The Water element goes EVERYWHERE.  It leaves nothing uninvestigated, remains tireless in the pursuit of information, knowledge, wisdom.  A consequence of this was that I found myself wandering from one adventure to the other, investigating as much as I could.  My dysfunctional programming would inevitably see to it that I burned down just about every bridge I crossed.  

 

The trick for Water element types is to build up Waves of courage and strength, not just tiny brooks and streams.   The goal of the Enneagram Investigator is competency, the acquisition of knowledge refined into skill.  This has been my experience evaluating my own struggle with childhood trauma.  Obviously, Bums of different character types will investigate their own history of trauma in their own way, but the symptoms of DTD are well established.

 

Toward the healing of DTD, Bums are in for some good news; as the title of the book suggests, the Body Keeps the Score, and the body is the instrument of healing, which should come as no surprise to those of us who have pursued physical fitness and body-mind fusion with the passions of madmen.  Yoga, chi kung, tai chi and martial arts are indicated in the healing response of a traumatized body and mind.  The damage exists down deep; our burden is to reach down to the marrow and positively recondition our nervous system.  But you all knew that already, right?

 

I am personally happy to report that on some level, call it a higher self or just a deep but silenced intuition, I’ve stayed extremely healthy for the past forty years.  I remained fucked up in the head but somehow managed, in spite of my worst instincts, to keep the carcass ready for the day that true healing could seize hold.  My nei kung practice starting in 2009 was extraordinary, but once my child was born, it collapsed.  I’m still in athletic shape for an old fucker (59) but I can’t wait to begin nei kung again soon.

 

I also managed to get a decent education, not unusual for Enneagram Investigators or Water elements.
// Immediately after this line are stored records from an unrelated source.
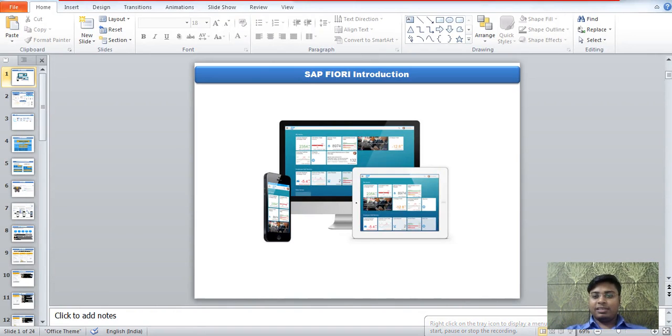Hello everyone, this is T.S. Goswami. Welcome to the Fiori in Data Constellation. So let's start.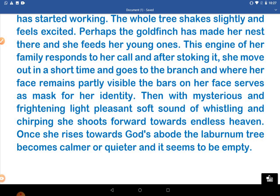Then, with mysterious and frightening light, the pleasant soft sound of whistling and chirping, she moves forward towards the endless heaven — endless heaven referring to the sky. Only she rises towards God, though the laburnum tree becomes calmer, quieter, and seems to be empty. We have elaborately understood the intent and summary of the poem. Hope you have understood it clearly.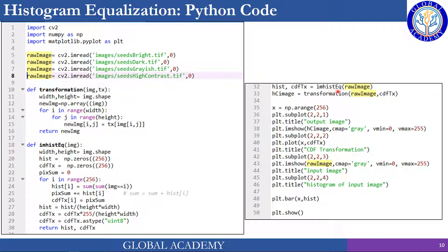We then call first im_hist_eq to generate the histogram and CDF from the image, and then apply the transformation function on the raw image using the CDF as a transformation to get the output contrast-enhanced image. Then there are some plot commands.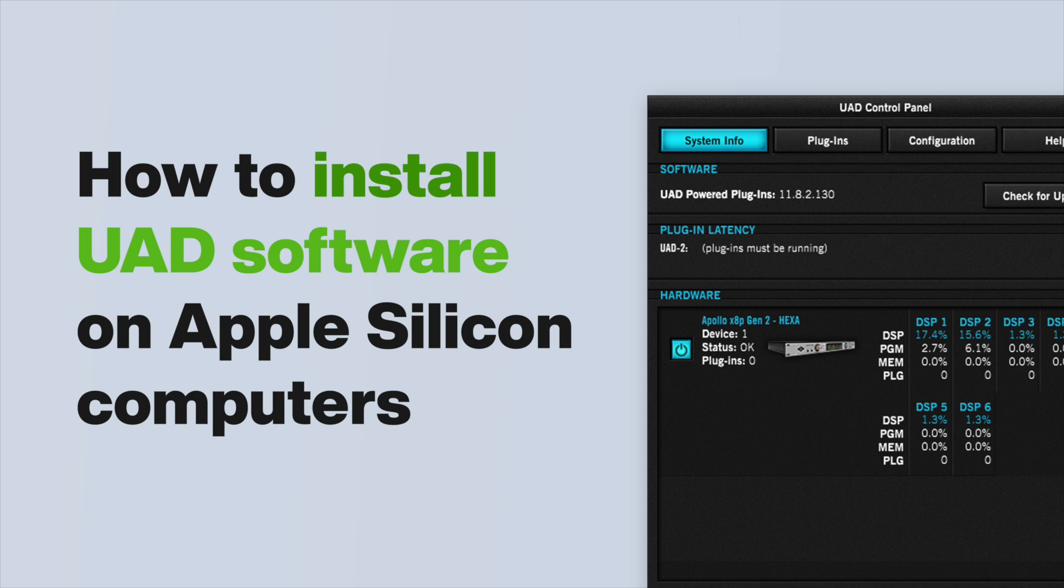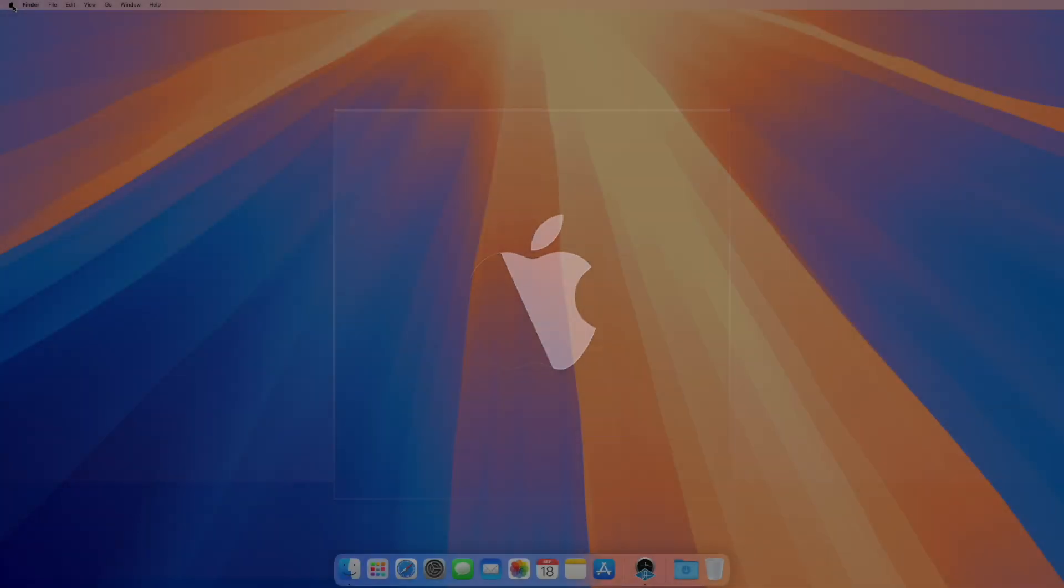In this video, we explain the steps required to install UAD software on Apple Silicon computers. Apple Silicon computers, such as those featuring M-series processors, require a security setting change from within macOS recovery mode to allow the installation of UAD software and drivers.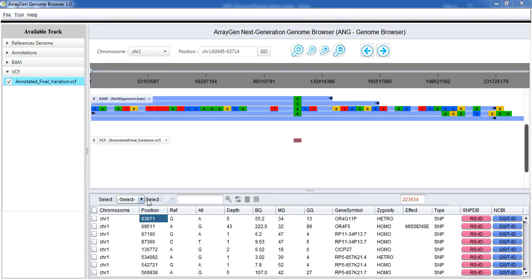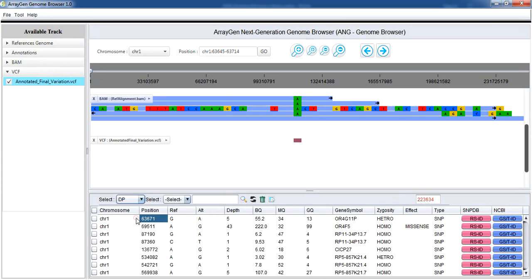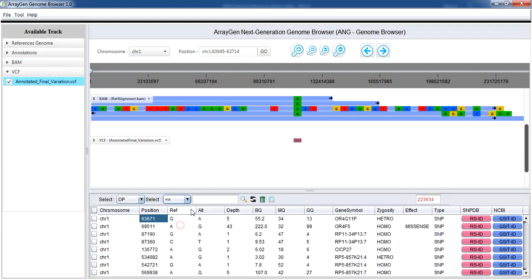The variation data can be filtered and viewed using this search content icon. For example, select depth as less than equals 4 and export as .txt file.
I have absolutely no Earth element in my astrological chart, but I ended up with a graduate degree in geography, so I must have somehow plugged a hole or tended an imbalance without realizing it.  I’ve just about fucked up everything I’ve ever done in my life but I just might be able to grow up before I grow old.

 

I hope this inspires others to explore the role of DTD in their own lives and form meaningful bridges between their childhood wounds and their internal alchemy practices today.  Chapter 10 in Van Der Kolks book is “Developmental Trauma: the Hidden Epidemic” is aptly titled.

 

Many thanks to Taomeow for an astrological reading that has proven remarkably insightful over the last decade.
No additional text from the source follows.